Sep 27 2024 · Tomasz Marchela, Szymon Niewiński

4 Effective Ways to Visualize LightGBM Trees

LightGBM uses different approach to other models.

LightGBM

LightGBM (Light Gradient Boosting Machine) is a powerful supervised machine learning algorithm designed for efficient performance, especially on large datasets. Similar to XGBoost, it is used for both classification and regression tasks, but LightGBM offers faster training speed and lower memory usage by leveraging a leaf-wise tree growth strategy.

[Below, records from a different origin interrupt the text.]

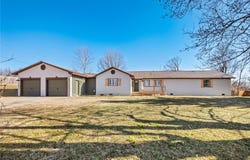 609 Sands  RD, Cave Springs, AR 72718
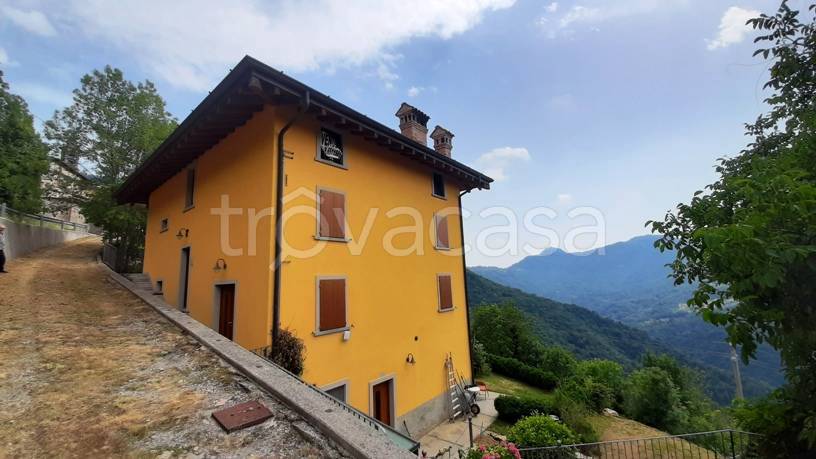 Villa in vendita a Costa Serina via Don Brozzoni
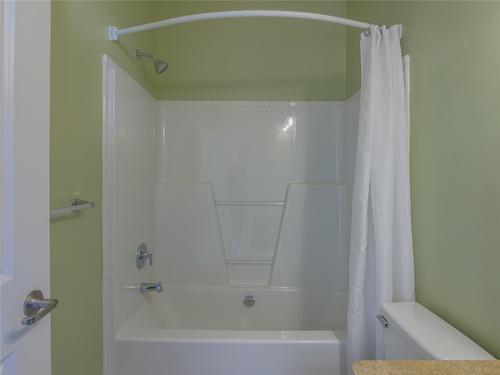 147-1675 Penticton Avenue, Penticton, BC - Indoor Photo Showing Bathroom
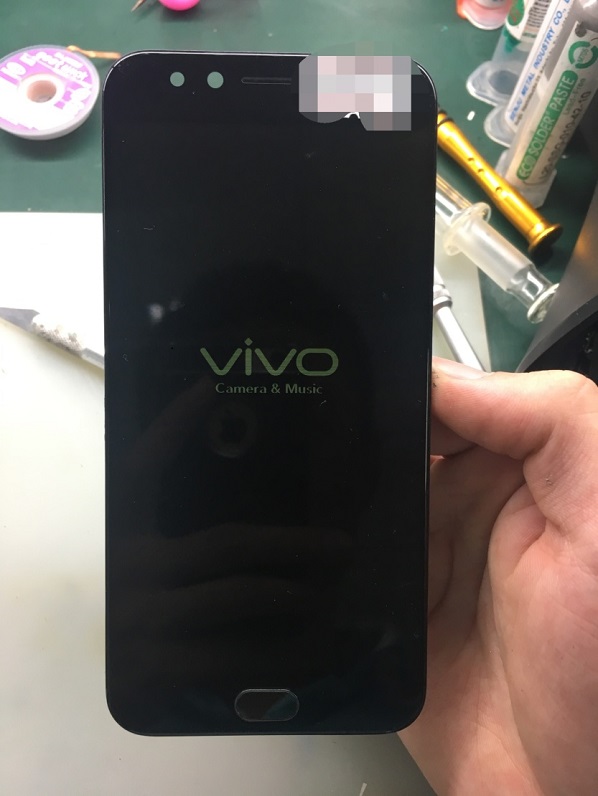 进水vivo X9L手机开不了机故障维修　图3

This method splits the leaf with the highest potential for error reduction, leading to deeper trees and better accuracy than level-wise tree growth used by traditional methods like Random Forest.

LightGBM builds a sequence of decision trees, where each new tree corrects the errors of the previous ones in a process known as boosting. This iterative training helps the model become more accurate over time. Each tree's contribution is a weighted adjustment to the overall prediction. For classification, the final output assigns a class based on the combined predictions, while for regression, it outputs an averaged value.

The algorithm uses gradient descent to minimize the residual errors of earlier trees, improving model performance iteratively. LightGBM also implements L1 and L2 regularization, helping control overfitting and making it highly effective for complex datasets. Additionally, LightGBM is designed to handle missing values and sparse data, and it scales efficiently for large datasets thanks to its parallel and memory-optimized implementation.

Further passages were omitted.